- **Exercise details**
The answer must reproduce all of the data below exactly and contain no images.

- **Record set**
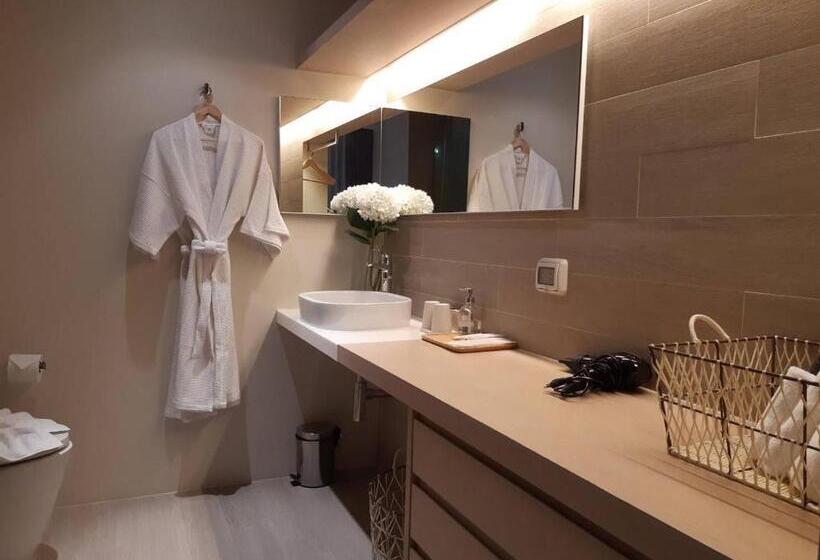 Deluxe Suite Sea View, Veranda Residence Pattaya By Sea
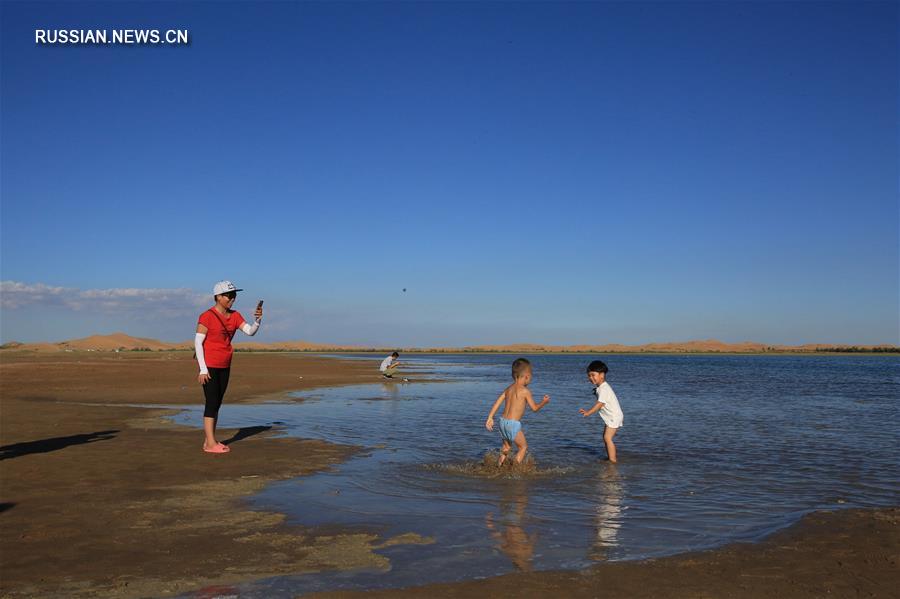 Туристический сезон в пустыне Кузупчи на севере Китая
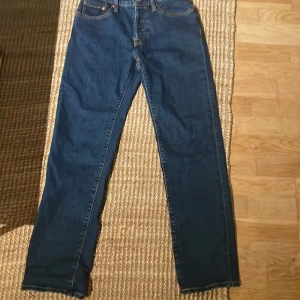 Levis 501 mörkblå  - Hej! Säljer ett par 501:or. Helt oanvända så perfekt skick. 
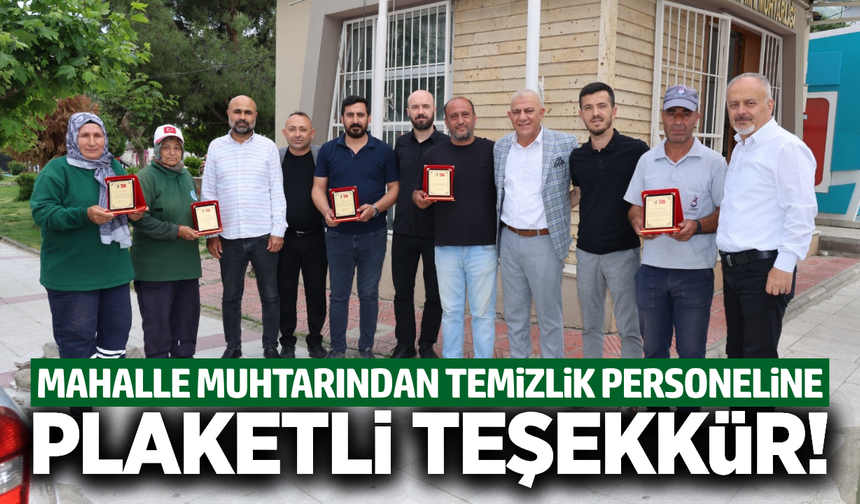 Manisa'da Mahalle Muhtarından temizlik personeline plaket!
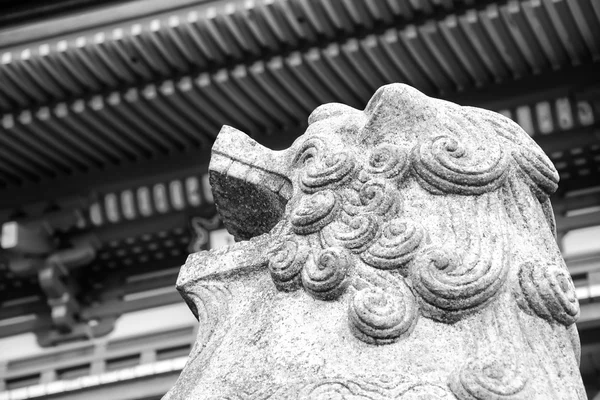 Kioto, Japón - Estatua de perro león en la puerta principal como guardián de la hermosa arquitectura Kiyomizu templo dera (blanco y negro ) —  Fotos de Stock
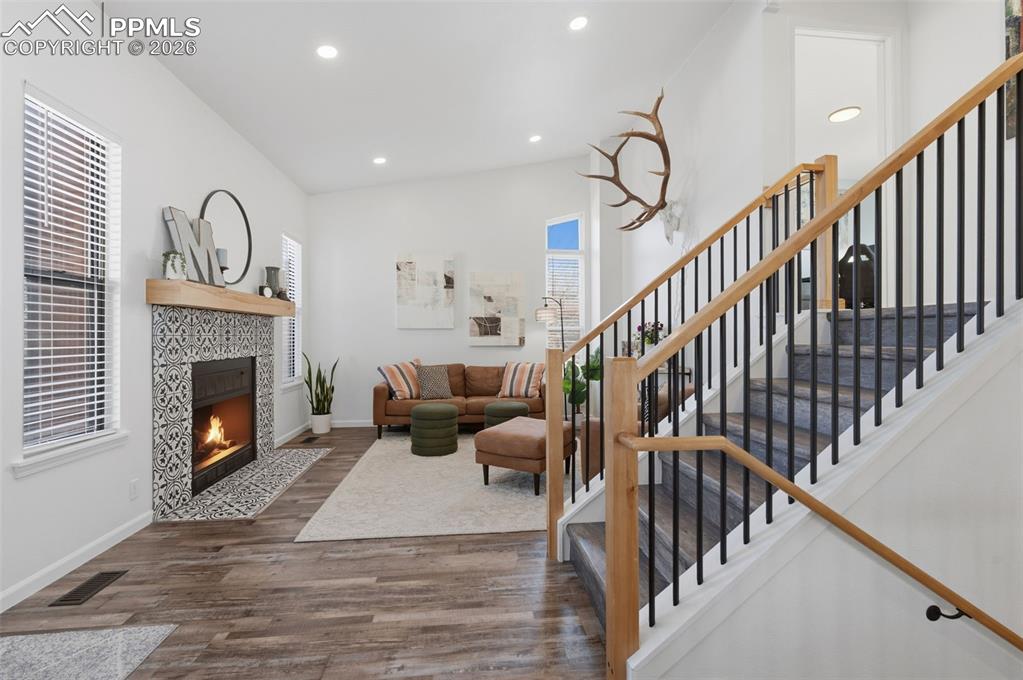 Image 6 of 42: Living Room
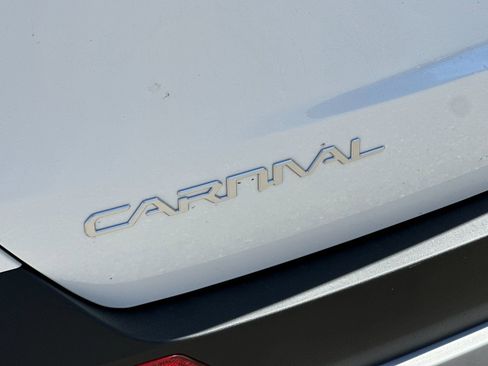 New 2026 Kia Carnival EX FWD image 27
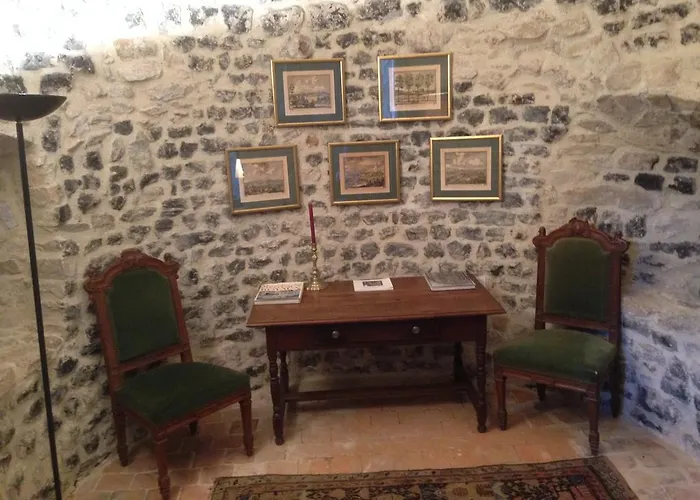 Chateau De Maisonseule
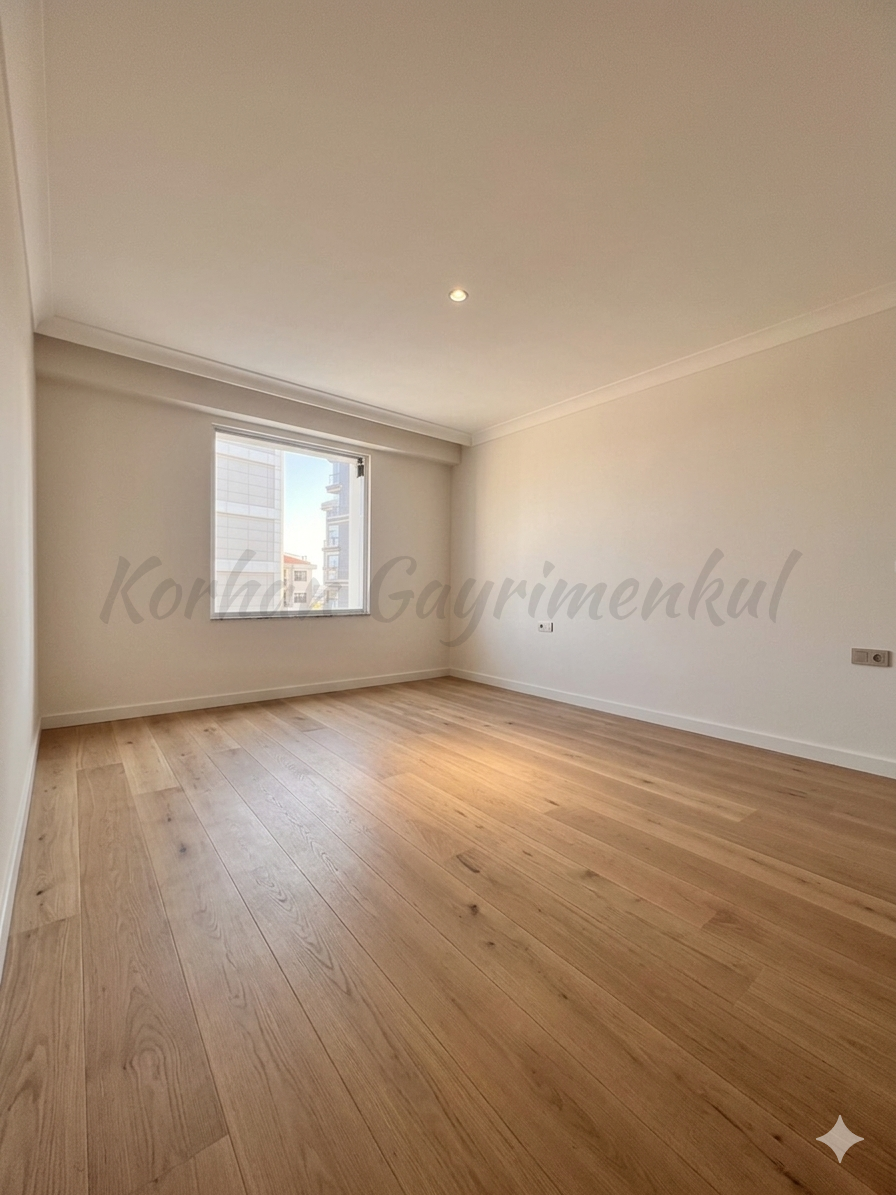 SUADİYE SAHİLDE DENİZ MANZARALI 138M2 NET 4+1 SIFIR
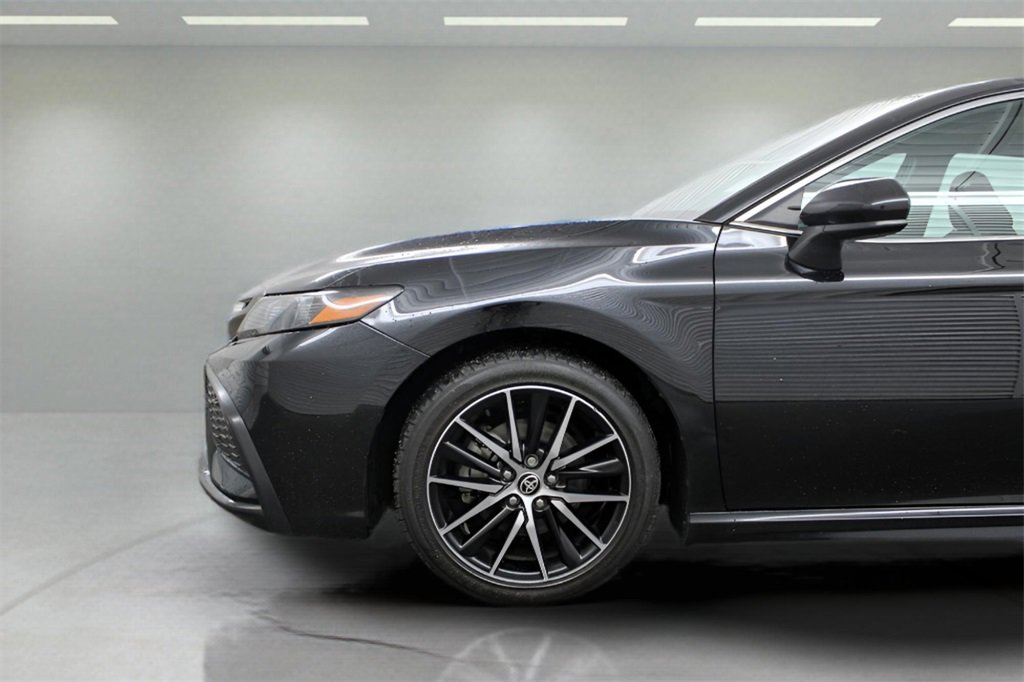 Used 2021 Toyota Camry SE image 33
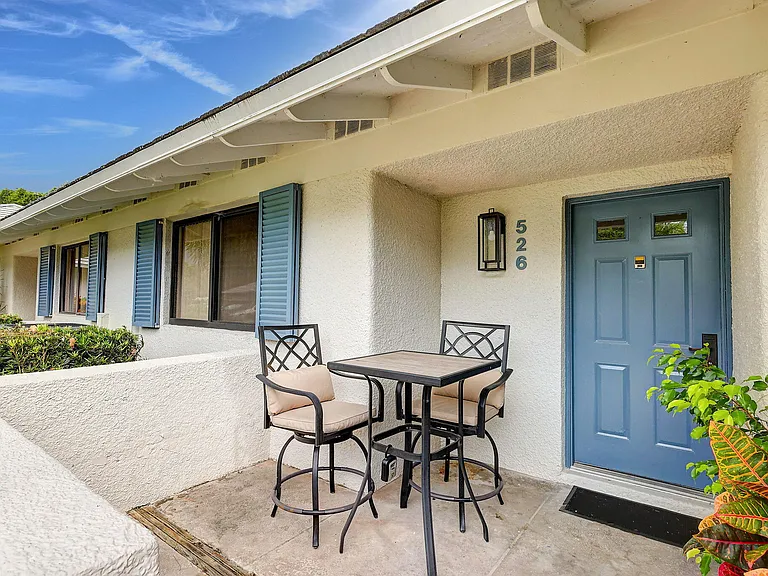 526 Club Dr — Photo 3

- **Exercise response**
 Deluxe Suite Sea View, Veranda Residence Pattaya By Sea
 Туристический сезон в пустыне Кузупчи на севере Китая
 Levis 501 mörkblå  - Hej! Säljer ett par 501:or. Helt oanvända så perfekt skick. 
 Manisa'da Mahalle Muhtarından temizlik personeline plaket!
 Kioto, Japón - Estatua de perro león en la puerta principal como guardián de la hermosa arquitectura Kiyomizu templo dera (blanco y negro ) —  Fotos de Stock
 Image 6 of 42: Living Room
 New 2026 Kia Carnival EX FWD image 27
 Chateau De Maisonseule
 SUADİYE SAHİLDE DENİZ MANZARALI 138M2 NET 4+1 SIFIR
 Used 2021 Toyota Camry SE image 33
 526 Club Dr — Photo 3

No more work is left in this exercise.